I would prefer that a language syntax is designed to be good for users, even if that means it presents problems for implementors. You have not argued that these issues indicate bad design from the point of view of an application programmer. If you think about languages that have been designed to be easy to parse, are these really languages that you would want to use? Ian Zimmerman wrote:
itz> All this taken together, I mean, _really_, is the lexical itz> structure of Haskell a botch, or what?
Jon> No. Innovative. All the problems described in this thread reflect Jon> unwarranted assumptions inherited in emacs. It's plainly possible Jon> to parse Haskell, and not hard either.
First, parsing of a complete program (eg. by a compiler) is quite different from parsing a buffer that is being edited by a human. The latter is hard, even for fairly well-specified languages. Irregularities only make it harder.
Second, this argument would be easier to accept if there in fact were an equally innovative tool capable of providing all the editing goodies Emacs normally does, for Haskell.
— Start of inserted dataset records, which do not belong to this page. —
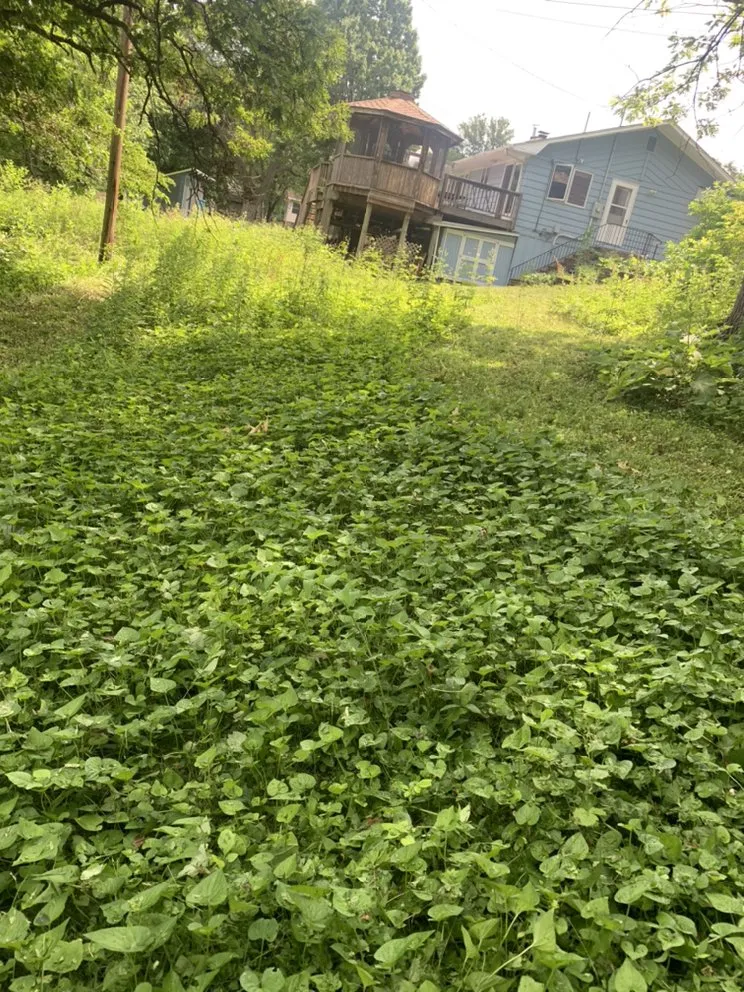 Expert lawn care service for beautiful yards across New Brighton, MN - Oropeza Lawn Care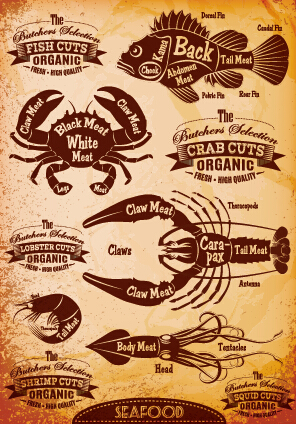 Vintage seafood cuts labels vector Vintage seafood cuts labels vector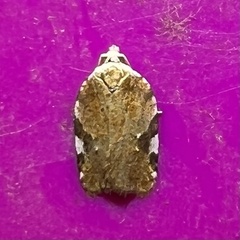 Acleris cervinana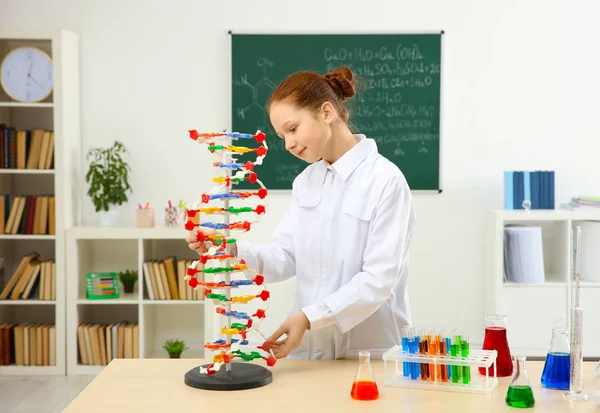 Красива школярка вивчає модель ДНК в хімічному класі — стокове фото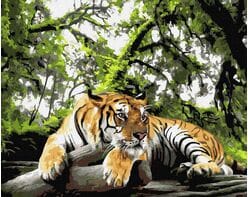 Lord of the jungle
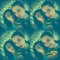 RoDy Tarek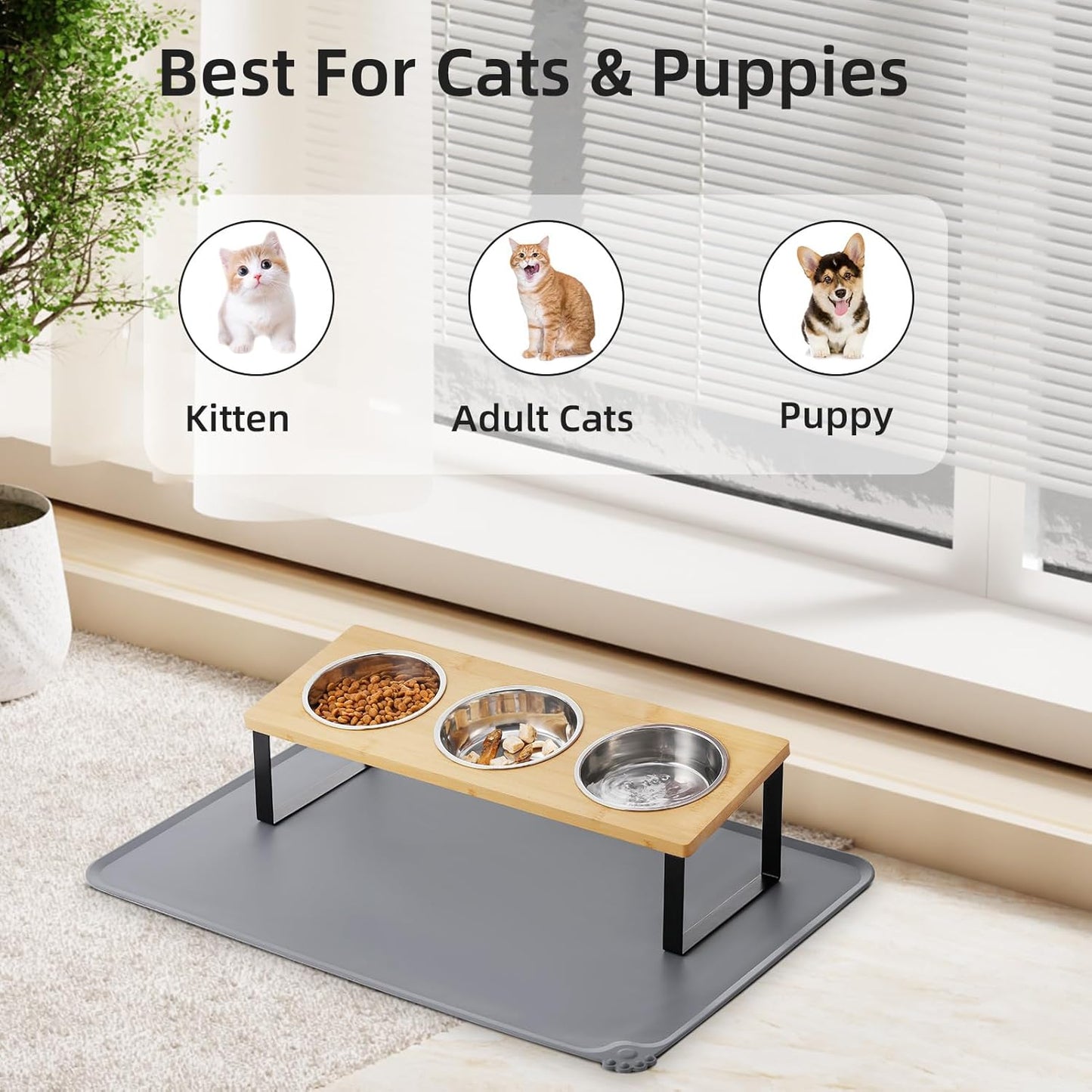 Upgraded Elevated Cat Bowls with Food Mat,15°Tilted Stand Anti Vomiting Raised Cat Dishes for Food and Water,3 Stainless Steel Bowls for Cats and Puppy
But I don't know of one, even now, 10 years or so after Haskell's birth.
--brian

brian> If you think about languages that have been designed to be easy brian> to parse, are these really languages that you would want to brian> use? No, but for different (semantical) reasons. -- Ian Zimmerman, Oakland, California, U.S.A. GPG: 433BA087 9C0F 194F 203A 63F7 B1B8 6E5A 8CA3 27DB 433B A087 The world has taken on a thickness of vulgarity that raises a spiritual man's contempt to the violence of a passion. Baudelaire

What a nice place to flame... :) On Thu, Feb 07, 2002 at 01:47:16PM -0800, Ian Zimmerman wrote:
Second, this argument would be easier to accept if there in fact were an equally innovative tool capable of providing all the editing goodies Emacs normally does, for Haskell. But I don't know of one, even now, 10 years or so after Haskell's birth.
Well, vim, though maybe dumb, is often accounted as having better syntax highlighting (I had no chance to prove that, since dont use emacs). At least, the examples you provided caused no problem. Can you present the original problem with ' and ('s - I'd like to check how it does? There are quite simple parsing based on regexps (and some very common "shadowing" principles). You could look at their syntax file, and maybe port it to emacs. Max.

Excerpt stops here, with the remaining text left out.